To further elucidate the crucial contributors to these distinct profiles, key VOCs were screened using a variable importance in projection (VIP) score with a threshold greater than 1. This analysis identified 17 key VOCs from GC-MS data (Figure 6D) and 11 from GC-IMS data (Figure 6F). Collectively, these 28 compounds were considered the primary drivers of the most significant aroma changes induced by the different LAB strains.

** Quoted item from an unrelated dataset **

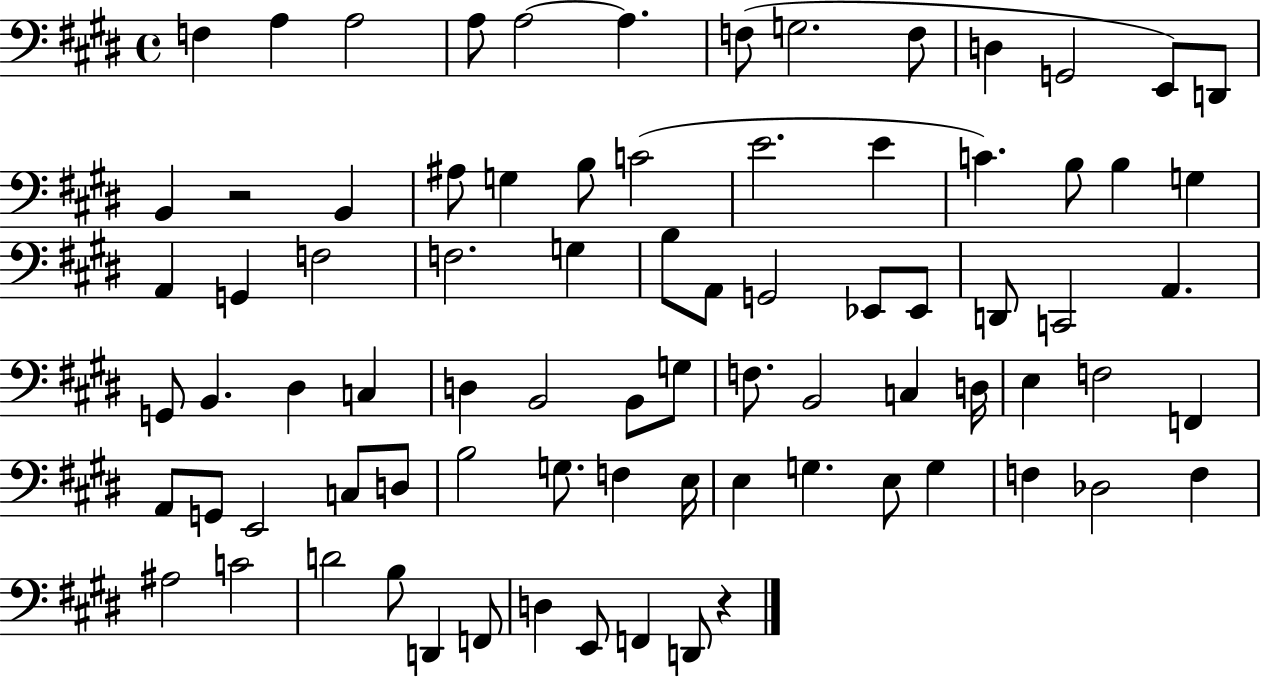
F3/q A3/q A3/h A3/e A3/h A3/q. F3/e G3/h. F3/e D3/q G2/h E2/e D2/e B2/q R/h B2/q A#3/e G3/q B3/e C4/h E4/h. E4/q C4/q. B3/e B3/q G3/q A2/q G2/q F3/h F3/h. G3/q B3/e A2/e G2/h Eb2/e Eb2/e D2/e C2/h A2/q. G2/e B2/q. D#3/q C3/q D3/q B2/h B2/e G3/e F3/e. B2/h C3/q D3/s E3/q F3/h F2/q A2/e G2/e E2/h C3/e D3/e B3/h G3/e. F3/q E3/s E3/q G3/q. E3/e G3/q F3/q Db3/h F3/q A#3/h C4/h D4/h B3/e D2/q F2/e D3/q E2/e F2/q D2/e R/q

3.9. Identification of Key Aroma Contributors in FWJ Prepared via Single and Mixed LAB Fermentations

To evaluate the contribution of each VOC to the overall aroma, odor activity values (OAVs) were calculated. OAVs, which integrate concentration with sensory thresholds [45], provide a quantitative measure of flavor impact. This analysis was applied to key compounds identified via both GC-MS (Table S5) and GC-IMS (Table S6). In the WJ samples, β-phellandrene was the dominant aroma compound (OAV = 58.08), imparting a citrusy–herbal character. Its contribution was further enhanced across all FWJ samples. After fermentation, 2,3-butanedione emerged as the most potent contributor, imparting desirable buttery, creamy, and caramel notes. Notably, several compounds, including β-phellandrene, α-terpineol, α-pinene, methyl acetate, (E)-3-hexen-1-ol, and 3-methyl-1-butanol, were identified as critical aroma contributors, possessing both VIP scores > 1 and OAVs > 1. In parallel, relative odor activity value (rOAV) can be employed to assess the impact of the volatile flavor compounds detected via GC-IMS [46]. As shown in Table S6, (E)-2-octenal was the primary contributor to the WJ aroma, with a fatty, green, and cucumber-like note. Most compounds exhibited a reduction in rOAV after fermentation, likely leading to a softer flavor profile of FWJ samples. However, the rOAV of β-pinene was enhanced, contributing a woody and piney note. Similarly, 2,3-pentanedione, butanal, (E)-3-hexenoic acid, β-pinene, and propyl butanoate identified via GC-IMS, were confirmed as key aroma contributors, possessing both high VIP scores and rOAVs greater than l. The synthesis of these analyses provided a clear explanation for the superior aroma profile of the FWJ-mix group. This group was characterized by significantly higher OAVs or rOAVs for its key volatiles, predominantly presenting citrusy and herbal aromas. The elevated aromatic intensity and complexity endowed the FWJ-Mix group with a more intricate and full-bodied character, distinguishing it from other samples.

4. Conclusions

This study systematically investigated the physicochemical, sensory and antioxidant characteristics of FWJ with both single-strain and mixed LAB. The results demonstrated that co-fermentation with a specific combination of P. pentosaceus SL05, P. acidilactici SL08 and L. plantarum JYLP-002 (0.33: 0.31: 0.36), which was optimized via GA, yield a product with superior levels of TPC, TFC, total organic acid, antioxidant capability compared to both the unfermented control and single-strain LAB fermentions. It is noteworthy, however, despite the optimized ratio of the three LAB strains, no synergistic interactions were observed in the synthesis of lactic acid. Furthermore, a comprehensive analysis using HS-SPME-GC-MS and HS-GC-IMS identified a complex profile of crucial volatile aroma components in the FWJ, including β-phellandrene, α-terpineol, α-pinene, methyl acetate, (E)-3-hexen-1-ol, 3-methyl-1-butanol, 2,3-pentanedione, butanal, (E)-3-hexenoic acid, β-pinene and propyl butanoate. In conclusion, these findings suggest that the FWJ with the specific combination of these three LAB strains represents a promising and effective strategy for developing a novel beverage with significantly enhanced the sensory attributes and antioxidant capacity.